Six years after the murder of Wayne Mills, the singer’s memory still remains rich throughout the independent country music community. The song “King of Alabama” co-written and recorded by Brent Cobb for his 2018 record Providence Canyon was a tribute to Wayne Mills. The song was also co-written by Adam Hood, and both songwriters seceded a songwriting credit to Wayne’s son Jack as part of the recording. The new 2019 album Old News by Southern rock band The Steel Woods also includes a Wayne Mills song, “One of These Days.”
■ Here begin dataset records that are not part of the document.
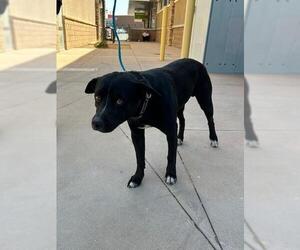 Staffordshire Bull Terrier-Unknown Mix Dogs for adoption in HESPERIA, CA, USA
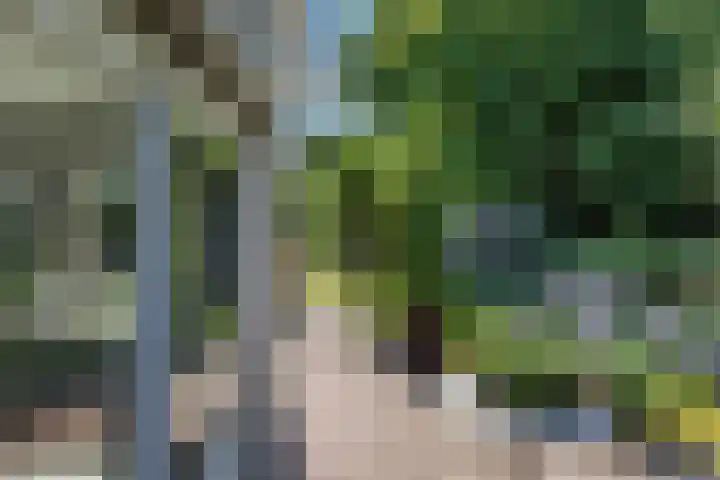 Tellerswerft 34 Nijkerk thumbnail 40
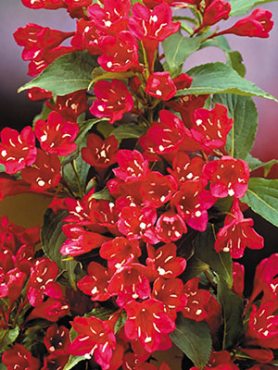 Вайгелія гібридна Red Prince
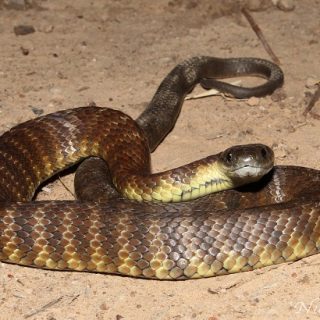 Tiger Snake Facts and Pictures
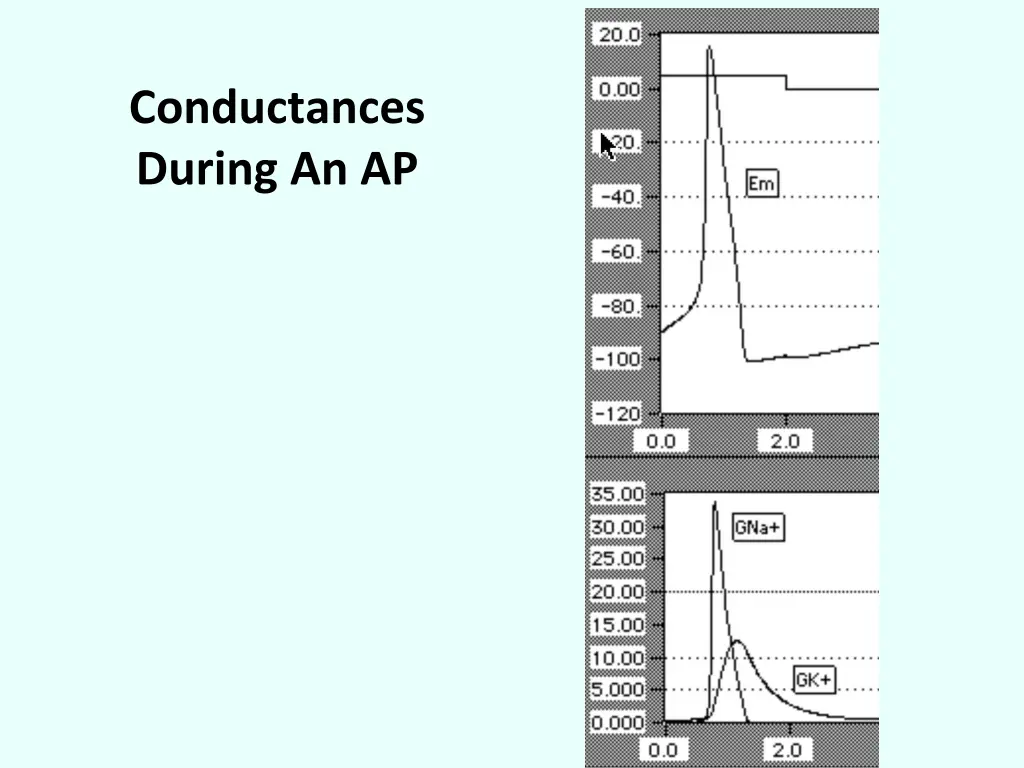 conductances during an ap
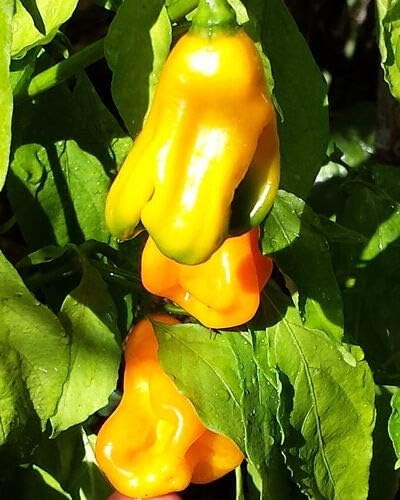 Germination Seeds ONLY NOT Plants: Extreme Hot Yellow Lantern Chilli - an Unique Shaped Sweet Flavoured Hot Chilli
Wayne Mills was originally from the small town of Arab in Northern Alabama. He attended Wallace State Junior College as a baseball player, and eventually played football for the University of Alabama. Mills earned his degree in education and formed the Wayne Mills Band which became one of the hottest college bands on the honky tonk circuit. Though Mills never rose to become a household name, his influence on country music cannot be overstated. He was close personal friends with Jamey Johnson, and Jamey opened for Wayne when he was making his way up in the ranks, as did Blake Shelton, Craig Wayne Boyd, and others. Mills released multiple albums and toured both Europe and Australia during his 15-plus years as a professional musician.